Most of the time people are kind and understanding however there are those few who make life difficult. They ask questions like: "Are you allergic to everything?" Or: "Why'd you even come here if you can't eat anything?" Most of the time the best way to handle these questions is to ignore them if possible. I don't know how anyone else feels but I did not grow up having a very restricted diet. I was allergic to nuts and shellfish however my family rarely ate out and when we did no one ordered lobster or crab since my family couldn't afford those items.

I grew up eating pretty much whatever I wanted and as soon as I was old enough to make my own money I started buying food that I liked. My mother didn't really teach me to cook but she let me experiment in the kitchen. When I was in third grade I bought a Peanuts cookbook for children and started making recipes out of that. After messing my mother's kitchen up numerous times and wasting ingredients I eventually learned a few things about time, temperature and chemisty. My mother put me in charge of cooking breakfast for my siblings so I've been making things like pancakes and eggs for longer than some of you have been alive.

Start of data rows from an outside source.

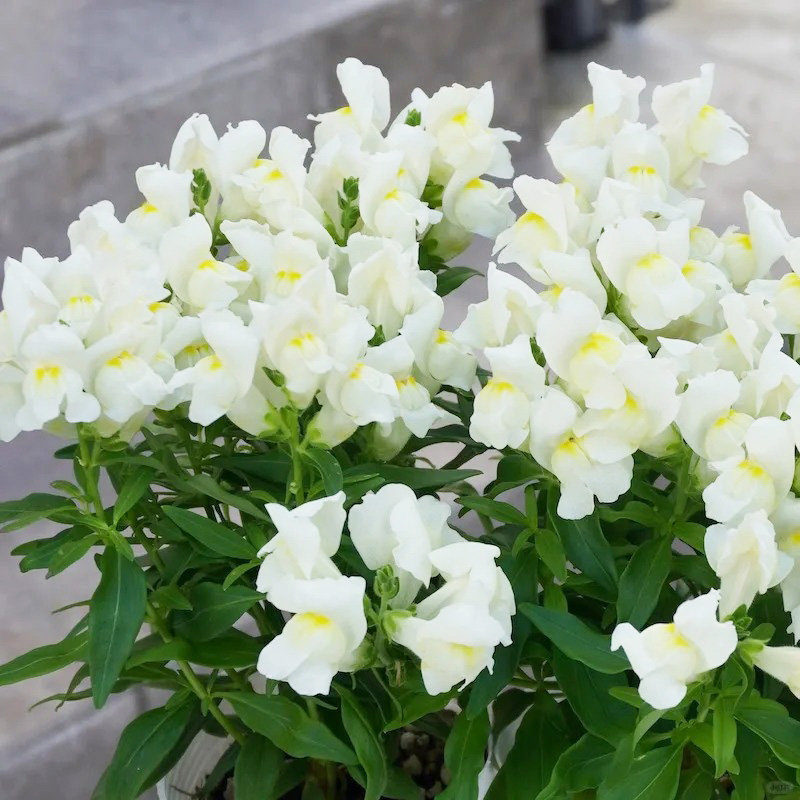 🔥Heißer Verkauf,💖Löwenmaul,🚀bunte Serie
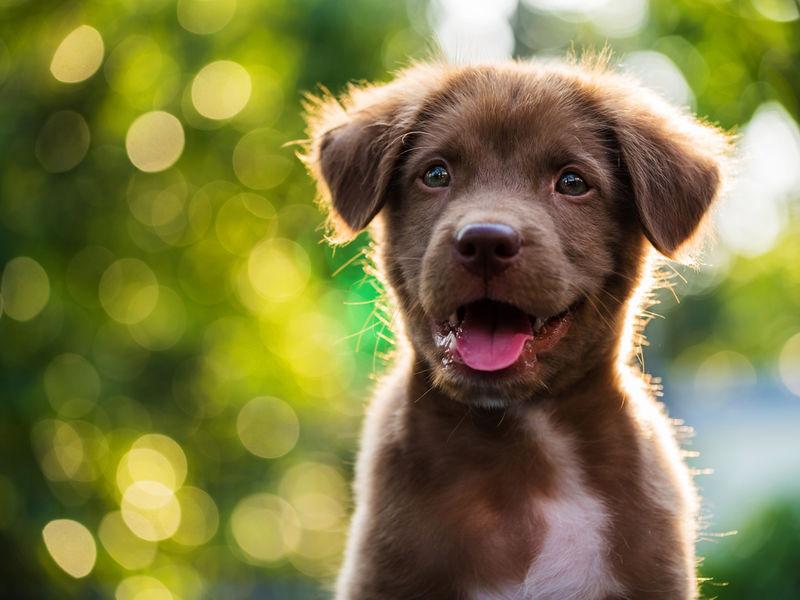 free puppies in tri cities free pet adoptions at tri city animal shelter san leandro ca patch free puppies in tri cities free pet adoptions at tri city animal shelter san leandro ca patch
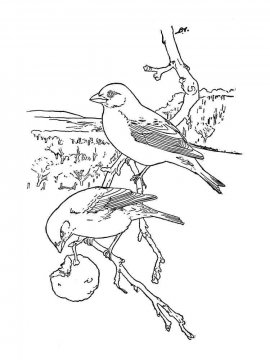 Раскраска Зимующие птицы 8 - Бесплатно распечатать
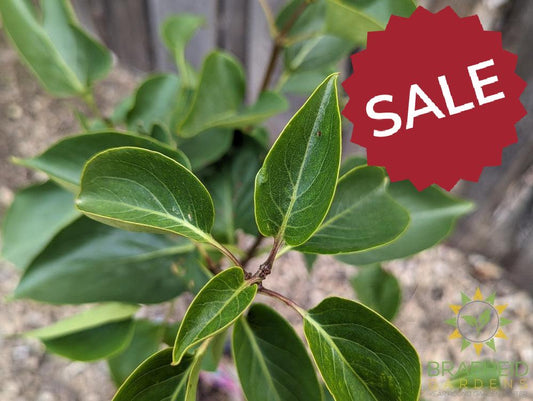 Sensation French Lilac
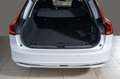 Volvo V90 B4 Diesel Plus Bright Navi Leder ACC Kamera Alb - thumbnail 5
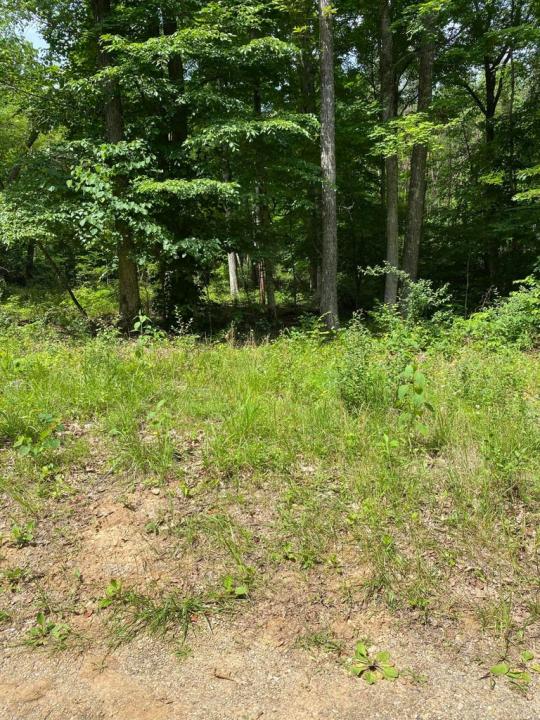 0 S Maugham Drive, Burnside, Kentucky 42519, États-Unis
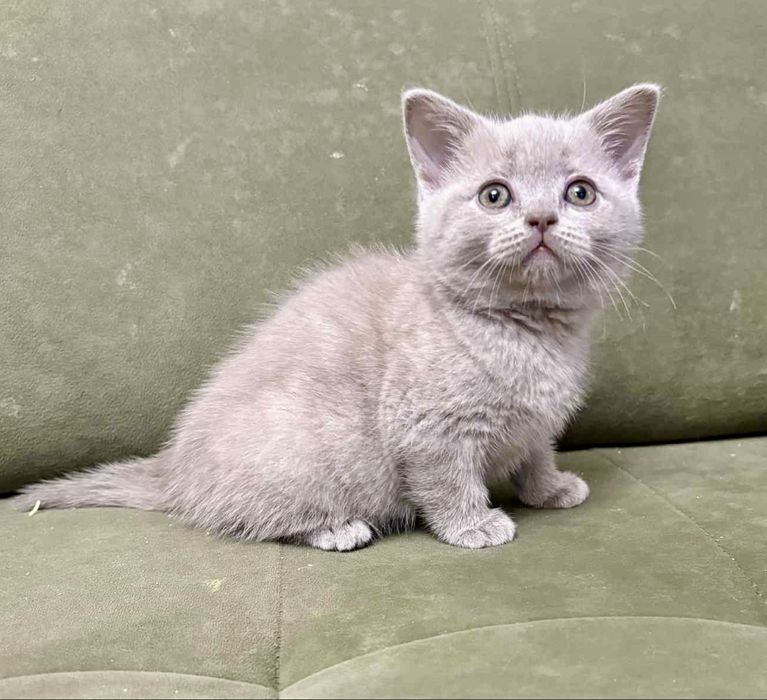 Gotowy do odbioru Kocurek Brytyjski liliowy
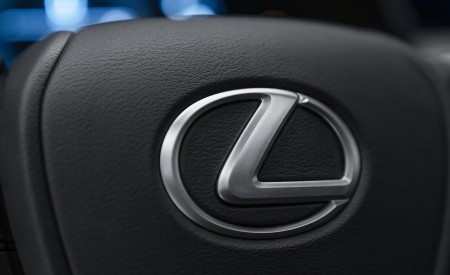 2023 Lexus UX 250h F Sport Interior Steering Wheel Wallpapers 450x275 (28)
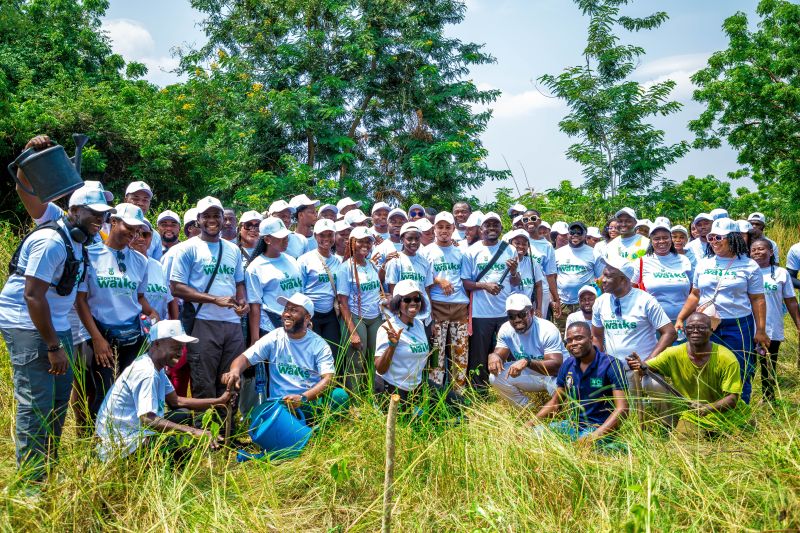 Coalition of Ghanaian businesses plant 1,000 trees in Shai Hills – MyJoyOnline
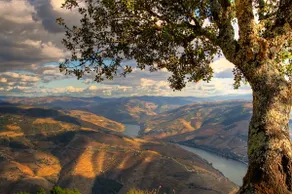 Royal House, a paradise in the Douro (29931/AL) - Image 2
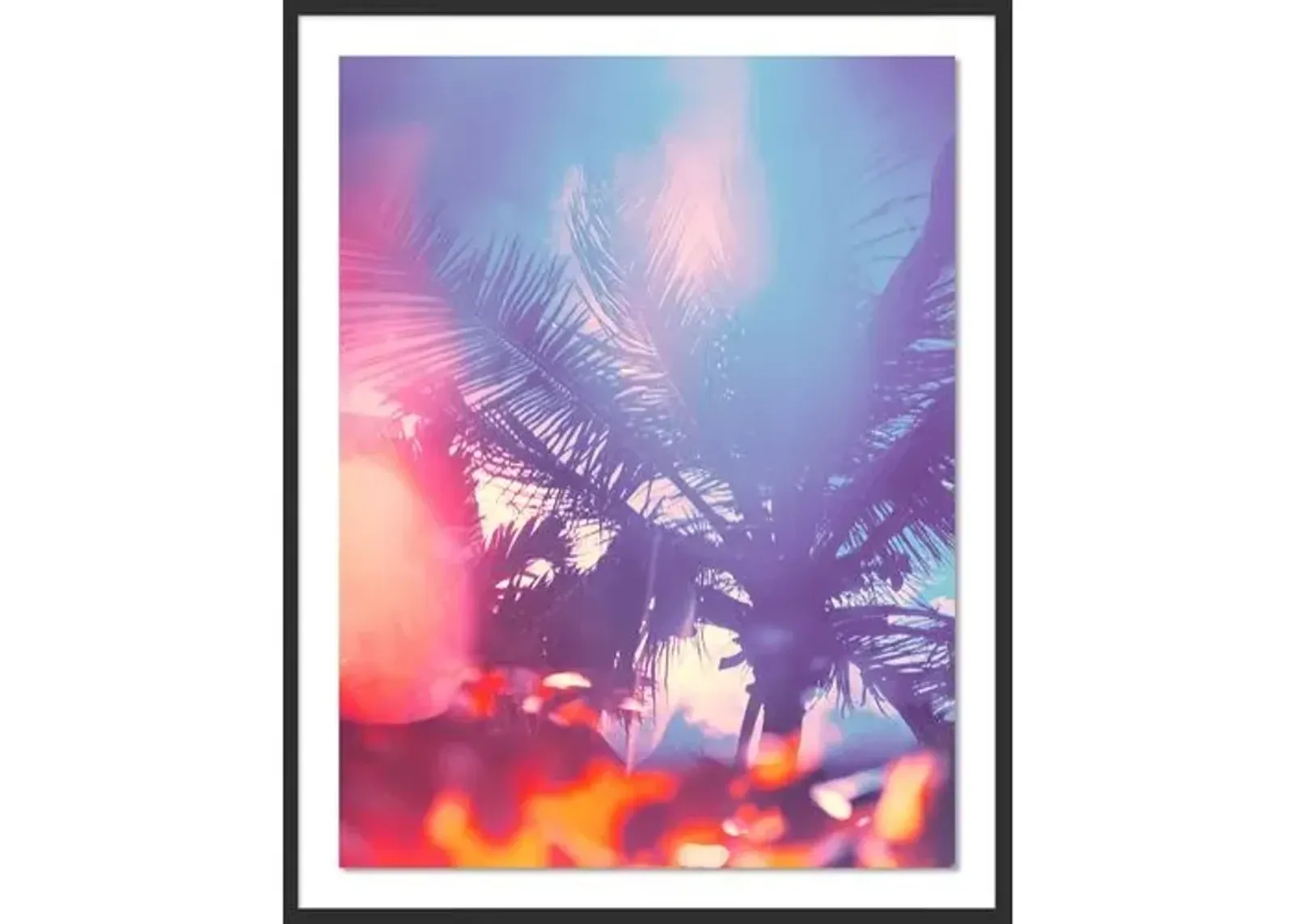 Tommy Kwak - Palms 2 - South Beach - Miami - Black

A blogger I follow states that you have to retain your sense of humor if you are one of the unfortunate people who has to deal with food allergies. No one wants to have them however rebelling against your own body is futile and could possibly be fatal. A woman I know has a friend with a shellfish allergy who loves crab legs. She uses her Epi-Pen, eats and apparently is fine. I carry a twin pack of epinepherine because sometimes one isn't enough and there's always the risk of a problem with injecting the medication since anaphylactic shock can come on seconds after exposure or ingestion.

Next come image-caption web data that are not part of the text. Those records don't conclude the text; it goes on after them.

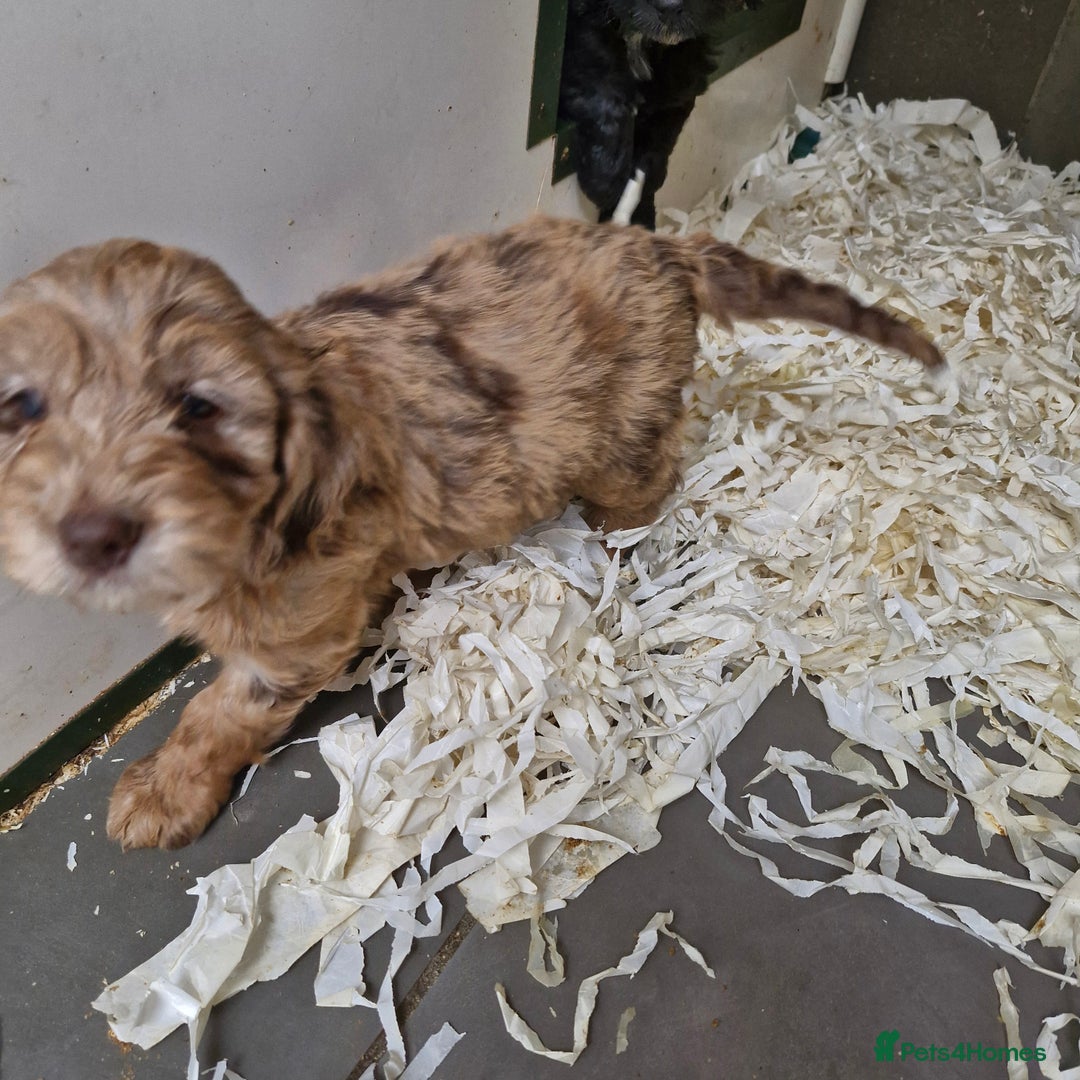 Cockapoo dogs for sale: Cockapoo puppies  - Image 7
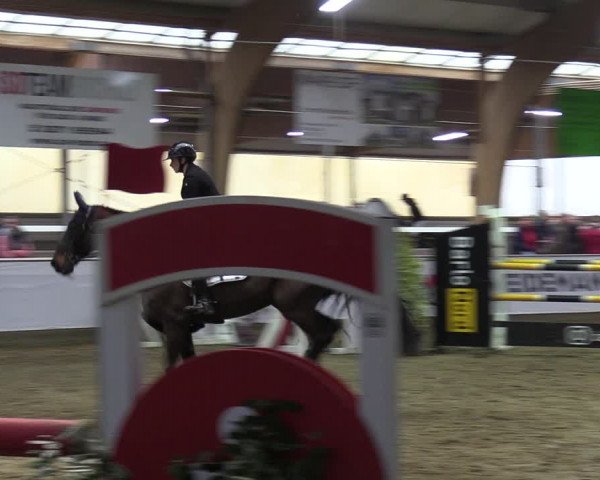 Reitturnier Barlo-Bocholt 2023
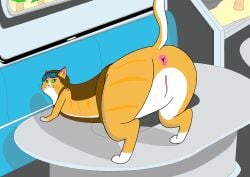 absurd_res animal_genitalia anus ass blizzard_entertainment butt_focus digital_media_(artwork) domestic_cat felid feline felis female feral fika_(overwatch) fur furniture genitals green_eyes hi_res mammal on_table orange_body orange_fur overwatch raised_tail sock_puppeteer sofa solo striped_body striped_fur stripes table tail talking_to_viewer visor vulva white_paws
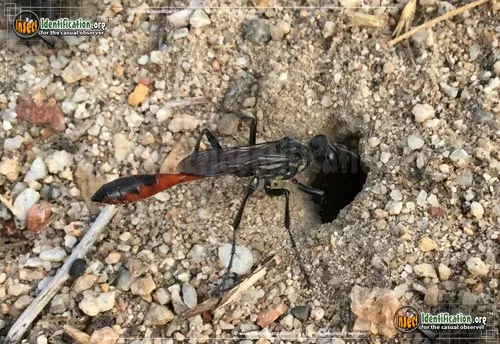 Thread-waisted Wasp - photo 4
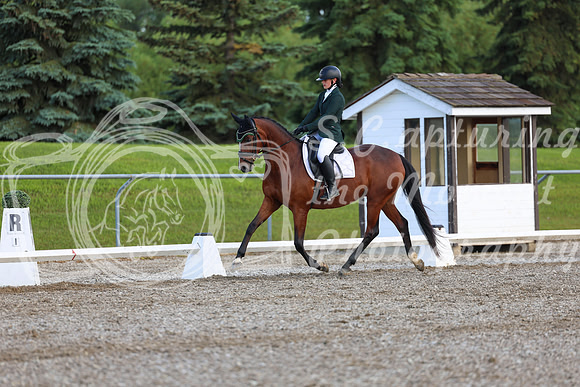 05814 - 2026 Dressage Festival - Sunday July 5th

This past April someone I work with called 911 after I had an allergic reaction. I still have no idea what triggered it but I had to have my former supervisor carry me out to the cafeteria since I couldn't walk. I had blood running down my leg, my hands were shaking so badly I couldn't manage to pull up my pants and it was really embarrassing to have people tell me that I was laying on the floor shivering because people were afraid to touch me. Now I lived to tell about that experience but it scared me and everyone I was with. Management was nice about it, I thought I had to come into work the next day but as I learned I should have stayed at home. After lying on the couch for over an hour I had to have the woman who runs our compression hosiery department walk me to the bathroom since my blood pressure was so low people thought I was going to pass out.

I've been sick at parties, at nodermeetings, on my trip back from California I threw up numerous times and narrowly avoided a trip to the nearest urgent care center in Las Vegas. When I was younger I used to be angry and bitter about many things. Through the years I've grown out of some of that however I get tired of holding my tongue when people are rude or inconsiderate and I'm expected to keep the peace when people are hassling me. My aunt has a saying about things being true and necessary. You should say things to people only if they are true and if whatever you plan on saying is needed which is where the title of this comes into play. Assholes are a part of life. Most of the time ignoring or avoiding them is your best bet but there are times when it feels really good to call someone out and put them on the spot by calmly stating: "No thank you, I can't have that."